## Task inputs

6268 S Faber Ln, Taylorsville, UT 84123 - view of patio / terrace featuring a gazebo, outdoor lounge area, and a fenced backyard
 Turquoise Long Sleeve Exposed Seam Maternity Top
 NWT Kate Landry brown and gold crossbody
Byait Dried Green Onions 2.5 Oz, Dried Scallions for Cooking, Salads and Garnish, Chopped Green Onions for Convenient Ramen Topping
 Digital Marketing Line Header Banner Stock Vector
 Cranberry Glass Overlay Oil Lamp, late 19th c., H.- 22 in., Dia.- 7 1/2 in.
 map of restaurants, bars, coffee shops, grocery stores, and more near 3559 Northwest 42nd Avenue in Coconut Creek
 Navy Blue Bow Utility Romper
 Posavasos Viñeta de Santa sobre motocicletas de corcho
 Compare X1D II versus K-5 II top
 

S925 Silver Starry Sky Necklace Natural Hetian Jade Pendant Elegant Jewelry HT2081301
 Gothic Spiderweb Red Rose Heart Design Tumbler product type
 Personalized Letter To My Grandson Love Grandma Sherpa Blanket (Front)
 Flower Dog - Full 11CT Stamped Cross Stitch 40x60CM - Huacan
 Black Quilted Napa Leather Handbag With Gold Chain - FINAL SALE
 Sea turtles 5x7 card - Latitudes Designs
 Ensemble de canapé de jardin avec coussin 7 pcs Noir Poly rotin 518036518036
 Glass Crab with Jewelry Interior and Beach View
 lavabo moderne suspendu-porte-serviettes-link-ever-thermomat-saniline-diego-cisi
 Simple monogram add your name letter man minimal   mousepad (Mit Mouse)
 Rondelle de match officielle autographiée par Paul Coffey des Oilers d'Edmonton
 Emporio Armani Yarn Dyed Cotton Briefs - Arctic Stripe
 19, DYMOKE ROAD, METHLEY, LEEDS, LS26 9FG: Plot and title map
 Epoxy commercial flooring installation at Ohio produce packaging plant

## Exercise prompt
Every line above from the line with "S925 Silver Starry" to the line with "Rondelle de match" is wanted, ends included; write them out exactly and add no other line.

## Solution to this exercise
S925 Silver Starry Sky Necklace Natural Hetian Jade Pendant Elegant Jewelry HT2081301
 Gothic Spiderweb Red Rose Heart Design Tumbler product type
 Personalized Letter To My Grandson Love Grandma Sherpa Blanket (Front)
 Flower Dog - Full 11CT Stamped Cross Stitch 40x60CM - Huacan
 Black Quilted Napa Leather Handbag With Gold Chain - FINAL SALE
 Sea turtles 5x7 card - Latitudes Designs
 Ensemble de canapé de jardin avec coussin 7 pcs Noir Poly rotin 518036518036
 Glass Crab with Jewelry Interior and Beach View
 lavabo moderne suspendu-porte-serviettes-link-ever-thermomat-saniline-diego-cisi
 Simple monogram add your name letter man minimal   mousepad (Mit Mouse)
 Rondelle de match officielle autographiée par Paul Coffey des Oilers d'Edmonton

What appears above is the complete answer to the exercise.